Coding Challenge #114 - Gzip
This challenge is to build your own gzip.
Hi, this is John with this week’s Coding Challenge.
🙏 Thank you for being a subscriber, I’m honoured to have you as a reader. 🎉
If there is a Coding Challenge you’d like to see, please let me know by replying to this email📧
Coding Challenge #114 - Gzip
This challenge is to build your own version of gzip, the widely used file compression utility.
Gzip has been a cornerstone of computing since 1992. It’s used everywhere, compressing files on the command line, serving web content over HTTP, packaging up tarballs for distribution, and much more. Under the hood, gzip uses the DEFLATE compression algorithm (a combination of LZ77 and Huffman coding) wrapped in a simple file format defined by RFC 1952. Building your own gzip will give you a deep understanding of how data compression works, how file formats are structured, and how command-line tools handle the many options users expect.
If You Enjoy Coding Challenges Here Are Four Ways You Can Help Support It
Refer a friend or colleague to the newsletter. 🙏
Sign up for a paid subscription - think of it as buying me a coffee ☕️, with the bonus that you get access to a monthly AMA and 20% off any of my courses.
Buy one of my self-paced courses that walk you through a Coding Challenge.
Join one of my live courses where I personally teach you Go by building five of the coding challenges or systems software development by building a Redis clone.
The Challenge - Building Gzip
In this challenge you’re going to build your own version of the gzip compression tool. Your tool will compress and decompress files using the DEFLATE algorithm, producing output that is fully compatible with the standard gzip and gunzip utilities.
You can use a library for the DEFLATE algorithm if you want, but I’d really encourage you to implement it yourself by reading the spec. Data compression is one of those topics that sounds intimidating but becomes surprisingly approachable once you break it down. You’ll learn far more about how compression actually works by building LZ77 and Huffman coding from scratch than by calling a library function. The RFCs are well written and this challenge is structured to walk you through it incrementally.
Step Zero
In this introductory step you’re going to set your environment up ready to begin developing and testing your solution.
Choose your target platform and programming language. I’d encourage you to pick a language that gives you access to low-level byte manipulation, as you’ll be working with binary data, checksums, and bit-level operations.
Before you start coding, read through RFC 1952 (the gzip file format) and RFC 1951 (the DEFLATE compressed data format). Don’t worry about understanding every detail right now, we’ll work through the key parts step by step. The important thing is to get a feel for how the pieces fit together: gzip is a wrapper format, and DEFLATE is the compression algorithm inside it.
Step 1
In this step your goal is to produce a valid .gz file using DEFLATE stored (uncompressed) blocks.
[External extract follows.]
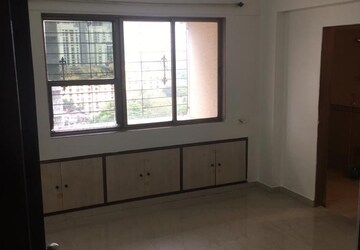 Room in 2.5 BHK Apartment at Kanjurmarg West – for Rent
Before you tackle actual compression, get the gzip file format right first. Your tool should take a filename as an argument, wrap its contents in a valid .gz file with the correct header and trailer, and write it out with the .gz extension appended. After writing the compressed file, remove the original (this is the default gzip behaviour).
The gzip format (RFC 1952) requires a 10-byte header containing the magic number (1f 8b), the compression method (08 for DEFLATE), and flags. It also requires a trailer containing the CRC-32 checksum of the original data and the original file size (modulo 2^32).
For the DEFLATE payload, use stored blocks (block type 00 in RFC 1951, section 3.2.4). A stored block simply contains the raw data with a small header — no actual compression. This lets you get the gzip wrapper, CRC-32 calculation, and file handling working correctly before you add real compression. Your output will be valid gzip, just larger than the input.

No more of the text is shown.